GERMANTOWN, Md. & RIO DE JANEIRO--(BUSINESS WIRE)--Rio de Janeiro’s subtropical climate and coastal location make it vulnerable to intense storms with lightning, heavy rainfall and extreme flooding. In January 2011 alone, flooding and mudslides killed more than 900 and left thousands throughout the state homeless because timely weather alerts are not available throughout Brazil. To help prevent future tragedies, officials at the State Environmental Institute (INEA) in Rio de Janeiro, Brazil, are utilizing a state-of-the-art Early Warning System comprised of real-time weather monitoring and automated alerts from Earth Networks to help them make the most informed and timely decisions for approaching severe weather.
INEA, the agency chartered to protect, conserve and restore the environment of the State of Rio de Janeiro to promote sustainable development, is using Earth Networks early warning technology to continuously track thunderstorms capable of producing significant precipitation. Meteorologists at the agency are also using Earth Networks technology to improve nowcasting and forecasting for areas vulnerable to flooding, and issue severe weather alerts faster to areas where frequent, destructive mudslides caused by flooding threaten to destroy homes, displace residents and tragically claim human lives. The peak of the rainy season in Brazil runs from December to March.
For the first time ever, INEA is monitoring real-time weather conditions, tracking approaching thunderstorms and viewing precipitation and lightning as it occurs using a computer weather-visualization tool called StreamerRTSM from Earth Networks. Meteorologists in the State of Rio de Janeiro are also receiving automated warnings of severe weather for the first time. These warnings, called DTAs (Dangerous Thunderstorm Alerts), are triggered when total lightning flash rates reach a high threshold – a key indicator of impending severe weather. When compared to traditional warnings based on radar and manual methods, DTAs have been shown to provide alerts to thunderstorms and other severe weather 50% faster for storms with lightning.

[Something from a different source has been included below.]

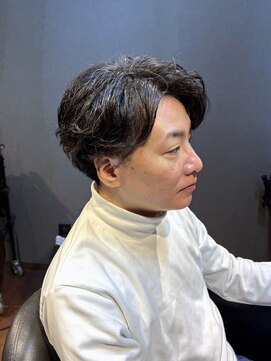 ビーダンディー(Bee dandy) ビジネスツーブロックショート ニュアンスパーマ かき上げバング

“INEA is always looking for tools to improve disaster forecasting,” says Carlos Alberto Fonteles, Director of Information, Monitoring and Surveillance at INEA. “The early warning system from Earth Networks will contribute to the advancement of technologies employed by the Institute, providing greater predictability and anticipation of alerts. The technology is also assisting us in the protection of vulnerable communities from natural disasters in the state of Rio de Janeiro.”
This early warning technology also enables INEA officials to tap into one of the world’s most dense, scientifically advanced lightning sensor networks – the Brazilian Total Lightning Network (BrasilDAT). BrasilDAT is operated through a public-private partnership with Earth Networks and the Instituto Nacional de Pesquisas Espaciais (INPE), Brazil’s National Institute for Space Research. Since 2010, Earth Networks has been working with Dr. Osmar Pinto, Jr., Coordinator of INPE’s Atmospheric Electricity Group (ELAT), to significantly expand the BrasilDAT network throughout the country with additional sensors for detecting both cloud-to-ground and in-cloud lightning, known as total lightning. The vast majority of lightning is in-cloud, and high rates of it often precede extreme weather – making it a vital part of the severe weather monitoring and alerting process by enabling early warnings.
With this new technology, INEA also expects to be able to provide other government agencies in the state with additional advanced warnings of severe weather.